Photoshop3


OTHER SIZES

You’re not always making a graphic that needs to fit in the video format. Sometimes you’re making a graphic that is much larger, one you want to move around on to make it seem as if you’re panning across the image or zooming in or out of the image. To do this, you need to make the image much greater than your video format, perhaps 2,160x1,602 pixels or more.

If you are working with a Photoshop layer image, you still should squeeze the image down to non-square pixels before you bring it into FCP. To do this, rather than using pixel values, use percentages and reduce the height of the image to 90% or, if you want to be anally precise about it, 89.886%. Again, you should not resize these images if they are single layer images without Photoshop transparency. FCP understands these are square pixel images brought into a CCIR601 world and will handle them appropriately.
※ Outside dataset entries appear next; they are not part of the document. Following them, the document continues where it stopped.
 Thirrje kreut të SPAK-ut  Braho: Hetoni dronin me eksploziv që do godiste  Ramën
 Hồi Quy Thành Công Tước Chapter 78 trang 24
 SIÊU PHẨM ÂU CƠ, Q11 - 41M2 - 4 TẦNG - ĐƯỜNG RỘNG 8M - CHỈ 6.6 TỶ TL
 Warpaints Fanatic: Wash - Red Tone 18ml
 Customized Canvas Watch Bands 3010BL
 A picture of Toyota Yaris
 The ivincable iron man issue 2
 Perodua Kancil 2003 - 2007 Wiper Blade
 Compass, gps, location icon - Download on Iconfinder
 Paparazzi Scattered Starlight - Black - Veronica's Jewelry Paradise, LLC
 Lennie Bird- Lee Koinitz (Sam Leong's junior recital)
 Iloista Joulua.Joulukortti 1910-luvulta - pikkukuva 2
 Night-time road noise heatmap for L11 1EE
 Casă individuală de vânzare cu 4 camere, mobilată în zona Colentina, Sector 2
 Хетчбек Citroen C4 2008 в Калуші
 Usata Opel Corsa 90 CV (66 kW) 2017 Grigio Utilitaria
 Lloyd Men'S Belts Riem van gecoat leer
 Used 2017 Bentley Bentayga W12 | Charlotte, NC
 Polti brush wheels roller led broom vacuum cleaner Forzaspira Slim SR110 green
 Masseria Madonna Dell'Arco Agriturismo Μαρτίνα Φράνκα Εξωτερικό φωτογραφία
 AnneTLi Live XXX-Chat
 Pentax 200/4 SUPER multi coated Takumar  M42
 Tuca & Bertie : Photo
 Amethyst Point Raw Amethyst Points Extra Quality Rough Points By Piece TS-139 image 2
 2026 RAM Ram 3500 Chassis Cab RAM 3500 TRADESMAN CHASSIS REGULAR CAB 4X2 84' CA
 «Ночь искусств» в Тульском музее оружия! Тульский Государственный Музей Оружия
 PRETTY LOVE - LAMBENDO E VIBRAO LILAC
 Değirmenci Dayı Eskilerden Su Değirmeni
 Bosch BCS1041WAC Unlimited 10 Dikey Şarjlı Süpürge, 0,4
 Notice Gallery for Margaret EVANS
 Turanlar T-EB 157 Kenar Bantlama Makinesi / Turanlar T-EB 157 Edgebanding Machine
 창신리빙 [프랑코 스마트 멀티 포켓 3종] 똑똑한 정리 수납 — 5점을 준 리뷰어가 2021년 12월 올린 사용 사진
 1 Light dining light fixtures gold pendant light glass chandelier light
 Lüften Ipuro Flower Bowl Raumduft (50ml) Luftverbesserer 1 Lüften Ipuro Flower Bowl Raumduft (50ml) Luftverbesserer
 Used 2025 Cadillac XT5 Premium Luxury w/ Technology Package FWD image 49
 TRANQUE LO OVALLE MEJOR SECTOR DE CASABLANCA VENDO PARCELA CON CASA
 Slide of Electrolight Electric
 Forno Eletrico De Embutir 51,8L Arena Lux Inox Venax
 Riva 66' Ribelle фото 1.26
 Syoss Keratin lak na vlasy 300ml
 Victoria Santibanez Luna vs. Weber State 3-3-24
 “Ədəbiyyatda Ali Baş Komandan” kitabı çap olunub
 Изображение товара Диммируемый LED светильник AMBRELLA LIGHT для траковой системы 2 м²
If they are PS layered files with transparency, FCP treats these as separate sequences and does not adjust for CCIR601 pixels. The rules of the road are probably unnecessarily complex, but the bottom line is if it’s a single-layer file, let FCP do the resizing; if it’s a PS file, squeeze it before you import it.

The easiest way to work with Photoshop files that you want to lay over video is to create your PS files over transparency, PS’s checkerboard background. This transparency will be honored when you import the file into FCP. It’s important to understand that PS files come into Final Cut as separate sequences. This means that when you bring a PS file with multiple layers, all its layers remain intact as separate layers in a FCP sequence. There each layer can be animated and affected separately.

The only time Photoshop files do not import as a sequence is when they are made up of a single background layer or are saved as flattened images or in some other file format, such as PICT or TIFF.

Because it’s simpler to work with a single-layer file, I often convert my PS files to PICT images, preserving the transparency information in an alpha channel, a simple procedure and easy enough to create a PS Action for. I retain the PS file to make changes after the following procedure.

Collapse the PS layers so that they merge over transparency.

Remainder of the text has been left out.